### DATA EXTRACT
#####
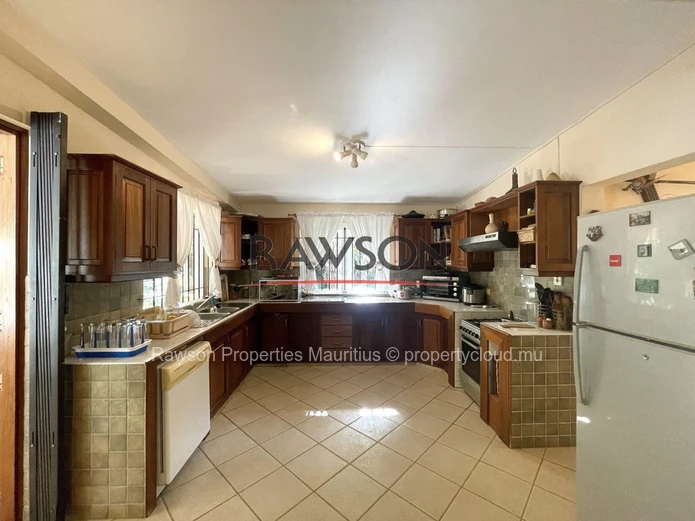 Development Opportunity: Exceptional Property of 7596M2 in  Poste Lafayette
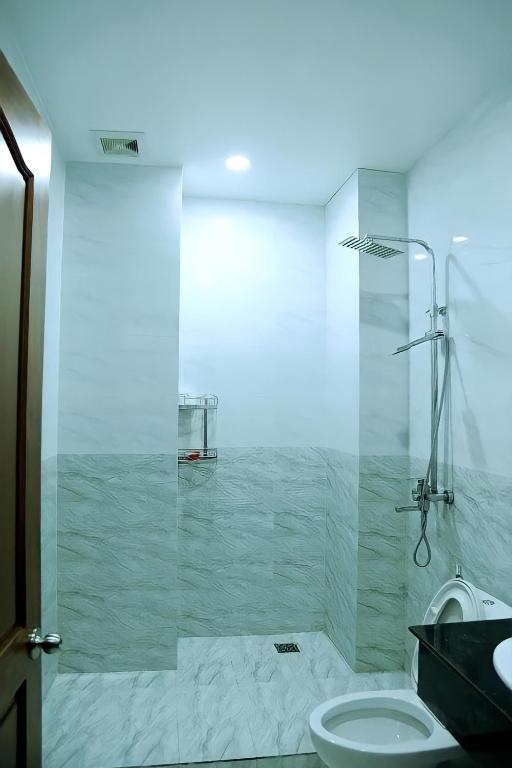 Koupelna v ubytování HOTEL ĐĂNG KHOA 2 NÚI SAM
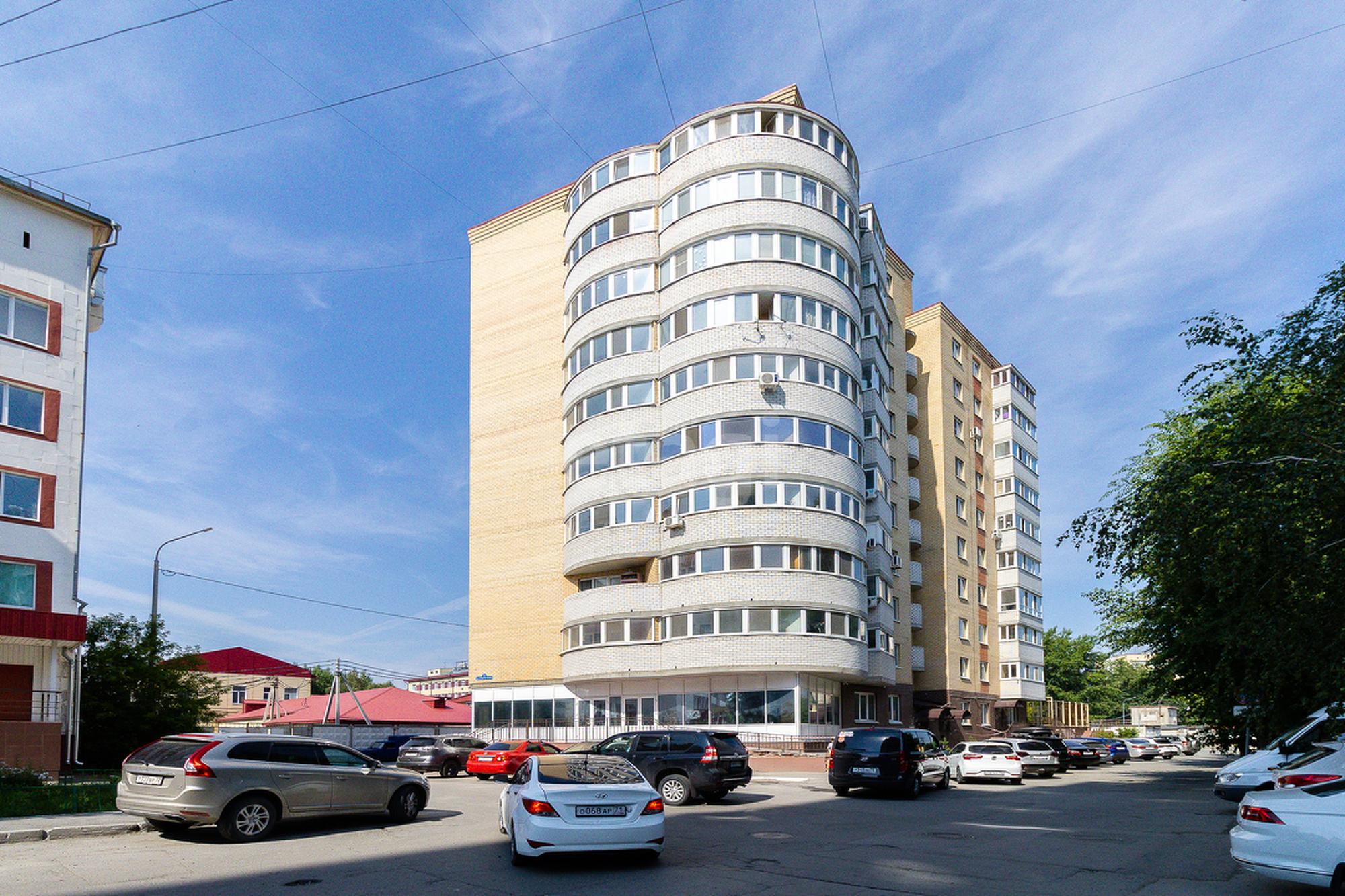 Купить офис, помещение под офис за 44 800 000 рублей на Тюмень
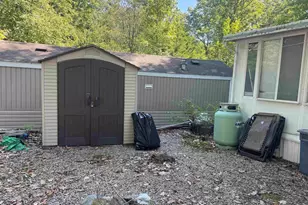 296 Baxter Lake Dr, Rochester, NH 03867 - Photo 4
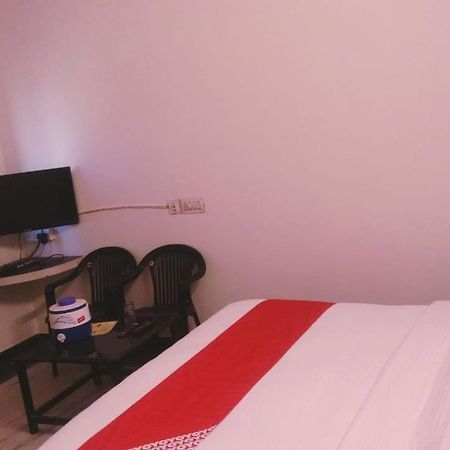 Hotel Rajkamal International Udaipur Esterno foto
#####
### INSTRUCTIONS FOR THE TASK
Output every entry exactly, leaving out pictures.

### ANSWER BOX
 Development Opportunity: Exceptional Property of 7596M2 in  Poste Lafayette
 Koupelna v ubytování HOTEL ĐĂNG KHOA 2 NÚI SAM
 Купить офис, помещение под офис за 44 800 000 рублей на Тюмень
 296 Baxter Lake Dr, Rochester, NH 03867 - Photo 4
 Hotel Rajkamal International Udaipur Esterno foto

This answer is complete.